» Goal of the exercise
Would you please transcribe the records below from the line with "Green mossy wall" through their final line, exactly and with no other lines?

Short web captions:
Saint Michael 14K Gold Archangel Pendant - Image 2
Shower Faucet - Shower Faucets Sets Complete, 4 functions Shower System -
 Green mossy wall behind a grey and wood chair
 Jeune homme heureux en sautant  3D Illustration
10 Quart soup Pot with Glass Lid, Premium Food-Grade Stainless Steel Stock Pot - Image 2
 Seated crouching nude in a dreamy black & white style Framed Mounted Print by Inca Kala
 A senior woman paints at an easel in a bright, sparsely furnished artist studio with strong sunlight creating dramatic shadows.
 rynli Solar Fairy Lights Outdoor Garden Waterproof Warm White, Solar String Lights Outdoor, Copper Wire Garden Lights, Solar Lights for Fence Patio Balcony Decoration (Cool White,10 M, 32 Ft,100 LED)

» Solution for this task
 Green mossy wall behind a grey and wood chair
 Jeune homme heureux en sautant  3D Illustration
10 Quart soup Pot with Glass Lid, Premium Food-Grade Stainless Steel Stock Pot - Image 2
 Seated crouching nude in a dreamy black & white style Framed Mounted Print by Inca Kala
 A senior woman paints at an easel in a bright, sparsely furnished artist studio with strong sunlight creating dramatic shadows.
 rynli Solar Fairy Lights Outdoor Garden Waterproof Warm White, Solar String Lights Outdoor, Copper Wire Garden Lights, Solar Lights for Fence Patio Balcony Decoration (Cool White,10 M, 32 Ft,100 LED)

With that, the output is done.